Masayuki JoJo Takayanagi - guitar
Nobuyoshi Ino - bass
Masabumi PUU Kikuchi - piano
John Sharpe - New York City Jazz Record
This live date from the titular Nagoya venue reveals the mellow side of Japanese free jazz. That could seem unlikely when considering the lead name, guitarist Masayuki Takayanagi, a maverick follower of Lennie Tristano who later turned to total freak-outs and noise, partnering with the likes of outsider saxophonist Kaoru Abe. Recorded nine months before his death 30 years ago this month, the concert finds him in the company of regular collaborator bassist Nobuyoshi Ino, plus celebrated pianist Masabumi Kikuchi, who died in 2015, sitting in during a trip home from his long sojourn in the U.S. Kikuchi, who worked with Miles Davis, Gil Evans, Dave Liebman and Joe Henderson, as well as a cooperative trio with Gary Peacock and Paul Motian, exerts a pull towards the tradition. But Takayanagi and Ino are not unwilling accomplices. Even on one of the two cuts they play as a duo, they touch on a standard material as a basis for further exploration. Much of the time Ino, who sure-footedly straddles the inside/ outside dichotomy, anchors the often conversational interaction close to the mainstream. But it’s when he picks up his bow to become an equal voice without any supportive function that proceedings unloose their moorings. One of the high points of the disc comes on “Duo I” when his arco slashes and organ-like tones engage in prickly dialogue with Takayanagi’s scratchy fragmentation. Similarly on “Trio III” Ino extracts creaks and groans from his bass as the weather veers stormy, Kikuchi thunders and the guitarist flashes in dramatic gesture. Conventional gambits reappear during “Trio I” as the three parlay an abstraction, which doesn’t shy from consonance. Later Kikuchi plies repeated rhythmic figures that rejuvenate the exchanges, before ultimately harping on an insistent progression. Once Ino latches on, the pianist moves into a loose rendition of Monk’s “Locomotive”, with Takayanagi adding oblique but blues-inflected commentary. It forms the final chapter in an album, which soothes as much as it stirs.

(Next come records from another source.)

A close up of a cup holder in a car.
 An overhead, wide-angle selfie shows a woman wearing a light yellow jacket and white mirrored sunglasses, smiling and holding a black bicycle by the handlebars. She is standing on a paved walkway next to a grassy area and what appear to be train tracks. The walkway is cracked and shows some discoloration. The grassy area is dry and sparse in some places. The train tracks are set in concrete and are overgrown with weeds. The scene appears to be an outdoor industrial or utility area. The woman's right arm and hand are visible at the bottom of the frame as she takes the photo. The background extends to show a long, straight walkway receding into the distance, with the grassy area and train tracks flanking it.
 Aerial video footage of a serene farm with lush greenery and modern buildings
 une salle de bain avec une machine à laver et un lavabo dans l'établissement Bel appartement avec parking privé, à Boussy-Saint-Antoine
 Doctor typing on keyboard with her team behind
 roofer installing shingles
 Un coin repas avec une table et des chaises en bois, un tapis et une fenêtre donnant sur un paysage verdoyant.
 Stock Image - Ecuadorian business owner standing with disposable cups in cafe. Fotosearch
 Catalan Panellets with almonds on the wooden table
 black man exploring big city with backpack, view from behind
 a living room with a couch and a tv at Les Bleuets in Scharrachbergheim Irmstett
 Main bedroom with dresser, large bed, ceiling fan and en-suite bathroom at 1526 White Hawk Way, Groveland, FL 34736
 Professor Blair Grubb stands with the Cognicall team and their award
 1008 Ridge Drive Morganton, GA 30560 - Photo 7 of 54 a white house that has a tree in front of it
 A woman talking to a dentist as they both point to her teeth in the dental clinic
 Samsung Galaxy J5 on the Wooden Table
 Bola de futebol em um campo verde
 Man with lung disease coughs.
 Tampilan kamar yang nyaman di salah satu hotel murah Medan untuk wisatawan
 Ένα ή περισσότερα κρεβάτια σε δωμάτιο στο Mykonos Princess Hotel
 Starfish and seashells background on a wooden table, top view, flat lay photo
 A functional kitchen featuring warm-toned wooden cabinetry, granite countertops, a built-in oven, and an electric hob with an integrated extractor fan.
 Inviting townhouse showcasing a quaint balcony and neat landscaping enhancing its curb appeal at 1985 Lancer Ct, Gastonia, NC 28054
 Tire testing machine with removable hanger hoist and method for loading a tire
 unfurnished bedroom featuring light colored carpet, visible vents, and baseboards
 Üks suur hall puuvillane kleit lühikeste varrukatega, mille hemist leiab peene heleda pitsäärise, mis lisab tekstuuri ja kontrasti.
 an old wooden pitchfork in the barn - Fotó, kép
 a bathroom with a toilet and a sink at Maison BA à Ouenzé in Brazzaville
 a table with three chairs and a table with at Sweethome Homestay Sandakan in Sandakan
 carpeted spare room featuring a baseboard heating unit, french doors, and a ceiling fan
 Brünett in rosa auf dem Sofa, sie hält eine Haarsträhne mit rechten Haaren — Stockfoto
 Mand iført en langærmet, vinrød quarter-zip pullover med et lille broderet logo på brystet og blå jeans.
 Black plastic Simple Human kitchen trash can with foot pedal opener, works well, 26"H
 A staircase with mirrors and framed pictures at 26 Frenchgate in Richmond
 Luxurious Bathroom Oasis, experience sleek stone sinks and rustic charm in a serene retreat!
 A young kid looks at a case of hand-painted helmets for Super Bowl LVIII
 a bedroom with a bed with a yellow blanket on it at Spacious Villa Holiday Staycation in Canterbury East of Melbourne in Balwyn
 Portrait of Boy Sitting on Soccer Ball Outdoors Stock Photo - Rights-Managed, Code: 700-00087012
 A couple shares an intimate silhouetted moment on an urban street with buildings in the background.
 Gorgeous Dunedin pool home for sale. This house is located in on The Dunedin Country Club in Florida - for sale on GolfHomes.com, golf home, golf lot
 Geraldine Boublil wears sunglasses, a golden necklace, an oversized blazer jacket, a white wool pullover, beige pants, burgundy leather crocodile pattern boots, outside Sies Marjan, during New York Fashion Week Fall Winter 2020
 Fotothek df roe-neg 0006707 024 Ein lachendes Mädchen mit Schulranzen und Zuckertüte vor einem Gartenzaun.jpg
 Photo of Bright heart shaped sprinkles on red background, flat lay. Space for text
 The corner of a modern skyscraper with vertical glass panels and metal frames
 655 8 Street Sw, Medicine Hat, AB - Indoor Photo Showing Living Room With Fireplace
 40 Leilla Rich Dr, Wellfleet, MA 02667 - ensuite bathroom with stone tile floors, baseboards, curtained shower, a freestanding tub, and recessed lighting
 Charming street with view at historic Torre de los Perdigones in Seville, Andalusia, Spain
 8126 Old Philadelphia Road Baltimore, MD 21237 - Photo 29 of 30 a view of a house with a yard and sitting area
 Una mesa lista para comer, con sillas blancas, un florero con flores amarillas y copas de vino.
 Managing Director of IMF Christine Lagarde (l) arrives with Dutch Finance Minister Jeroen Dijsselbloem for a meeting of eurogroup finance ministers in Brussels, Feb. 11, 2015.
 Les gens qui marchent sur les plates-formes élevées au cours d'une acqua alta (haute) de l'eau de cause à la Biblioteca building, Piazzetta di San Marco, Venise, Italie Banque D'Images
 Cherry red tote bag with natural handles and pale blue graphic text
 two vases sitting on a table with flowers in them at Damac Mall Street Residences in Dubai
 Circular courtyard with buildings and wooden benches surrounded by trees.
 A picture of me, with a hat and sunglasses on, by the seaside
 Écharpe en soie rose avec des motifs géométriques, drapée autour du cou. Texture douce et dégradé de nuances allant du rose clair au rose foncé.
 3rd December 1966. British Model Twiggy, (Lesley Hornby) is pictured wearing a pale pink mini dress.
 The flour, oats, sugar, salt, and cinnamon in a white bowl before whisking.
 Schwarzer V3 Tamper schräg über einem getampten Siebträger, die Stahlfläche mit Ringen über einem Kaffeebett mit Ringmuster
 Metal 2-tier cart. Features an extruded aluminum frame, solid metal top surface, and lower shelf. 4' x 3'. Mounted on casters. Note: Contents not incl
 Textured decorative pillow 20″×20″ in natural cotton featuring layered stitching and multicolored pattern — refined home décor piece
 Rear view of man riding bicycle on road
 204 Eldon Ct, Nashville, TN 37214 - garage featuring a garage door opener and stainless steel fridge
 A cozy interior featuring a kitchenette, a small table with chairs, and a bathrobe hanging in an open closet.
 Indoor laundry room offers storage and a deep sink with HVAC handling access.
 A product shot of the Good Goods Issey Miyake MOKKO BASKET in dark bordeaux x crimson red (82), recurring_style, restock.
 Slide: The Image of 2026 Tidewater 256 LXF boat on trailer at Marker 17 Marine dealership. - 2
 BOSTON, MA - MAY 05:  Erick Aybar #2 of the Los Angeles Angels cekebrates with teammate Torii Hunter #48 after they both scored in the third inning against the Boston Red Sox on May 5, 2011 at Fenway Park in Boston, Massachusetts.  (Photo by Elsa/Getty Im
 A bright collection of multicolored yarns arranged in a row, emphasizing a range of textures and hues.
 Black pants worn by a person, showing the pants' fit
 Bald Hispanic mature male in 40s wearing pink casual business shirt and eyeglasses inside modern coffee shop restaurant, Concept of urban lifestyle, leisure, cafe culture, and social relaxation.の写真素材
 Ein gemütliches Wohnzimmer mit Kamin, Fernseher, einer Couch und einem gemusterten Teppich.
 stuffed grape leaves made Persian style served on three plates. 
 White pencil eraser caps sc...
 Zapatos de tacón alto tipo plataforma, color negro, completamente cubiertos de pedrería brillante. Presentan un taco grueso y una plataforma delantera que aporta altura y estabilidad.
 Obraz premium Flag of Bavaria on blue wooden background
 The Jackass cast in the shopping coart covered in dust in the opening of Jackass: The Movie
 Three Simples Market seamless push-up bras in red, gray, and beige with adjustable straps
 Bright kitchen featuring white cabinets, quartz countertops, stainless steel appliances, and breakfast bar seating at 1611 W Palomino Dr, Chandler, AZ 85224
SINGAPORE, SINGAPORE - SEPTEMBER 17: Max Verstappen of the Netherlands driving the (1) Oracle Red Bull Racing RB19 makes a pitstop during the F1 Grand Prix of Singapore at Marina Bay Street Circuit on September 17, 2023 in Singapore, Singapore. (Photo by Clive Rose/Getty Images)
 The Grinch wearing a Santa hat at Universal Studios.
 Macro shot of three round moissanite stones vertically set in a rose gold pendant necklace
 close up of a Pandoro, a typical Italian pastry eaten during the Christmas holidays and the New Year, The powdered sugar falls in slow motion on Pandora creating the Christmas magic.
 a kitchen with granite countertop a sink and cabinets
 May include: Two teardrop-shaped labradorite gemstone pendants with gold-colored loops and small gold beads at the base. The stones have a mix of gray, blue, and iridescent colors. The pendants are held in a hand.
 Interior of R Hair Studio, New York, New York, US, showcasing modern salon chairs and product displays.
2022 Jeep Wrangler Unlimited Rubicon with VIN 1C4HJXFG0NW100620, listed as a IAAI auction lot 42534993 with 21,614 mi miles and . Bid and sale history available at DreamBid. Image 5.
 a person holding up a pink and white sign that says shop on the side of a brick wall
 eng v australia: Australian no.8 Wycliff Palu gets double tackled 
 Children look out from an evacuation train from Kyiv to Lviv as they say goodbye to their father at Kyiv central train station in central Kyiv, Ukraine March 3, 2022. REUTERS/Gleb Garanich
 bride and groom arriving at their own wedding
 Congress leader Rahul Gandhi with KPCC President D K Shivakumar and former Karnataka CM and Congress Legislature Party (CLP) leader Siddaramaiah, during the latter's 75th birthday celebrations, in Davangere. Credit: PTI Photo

Ken Waxman - The Whole Note
Flash forward 15 years and more instances of first generation Japanese free music are on Live at Jazz Inn Lovely 1990 (NoBusiness NBCD 135 nobusinessrecords.com). In one way it was a reunion between two pioneering improvisers, guitarist Masayuki Jojo Takayanagi (1932-1991), who began mixing noise emphasis and free improvisation in the mid-1960s with in-your-face groups featuring the likes of saxophonist Kaoru Abe and pianist Masabumi Puu Kikuchi (1939-2015). Kikuchi evolved a quieter style after moving to the US in the late 1980s and this was the first time the guitarist and pianist played together since 1972. Problem was that this was a Takayanagi duo gig with longtime bassist Nobuyoshi Ino until Kikuchi decided to sit in, creating some understandable friction. Agitation simmers beneath the surface adding increased tautness to the already astringent sounds. This is especially obvious on the trio selections when the guitarist’s metallic single lines become even chillier and rawer. Initially more reserved, Kikuchi’s playing soon accelerates to percussive comping, then key clangs and clips, especially on the concluding Trio II. For his part, Ino serves as a bemused second to these sound duelists, joining an authoritative walking bass line and subtly advancing swing to that final selection. On the duo tracks, he and the guitarist display extrasensory connectivity. He preserves chromatic motion with buzzing stops or the occasional cello-register arco sweep. Meanwhile with a minimum of notes, Takayanagi expresses singular broken chord motion or with slurred fingers interjects brief quotes from forgotten pop tunes. On Duo II as well, Ino’s string rubs move the theme in one direction while Takayanagi challenges it with a counterclockwise pattern. Still, fascination rests in the piano-guitar challenges with Kikuchi’s keyboard motion arpeggio-rich or sometime almost funky, while Takayanagi’s converse strategies take in fluid twangs, cadenced strumming and angled flanges.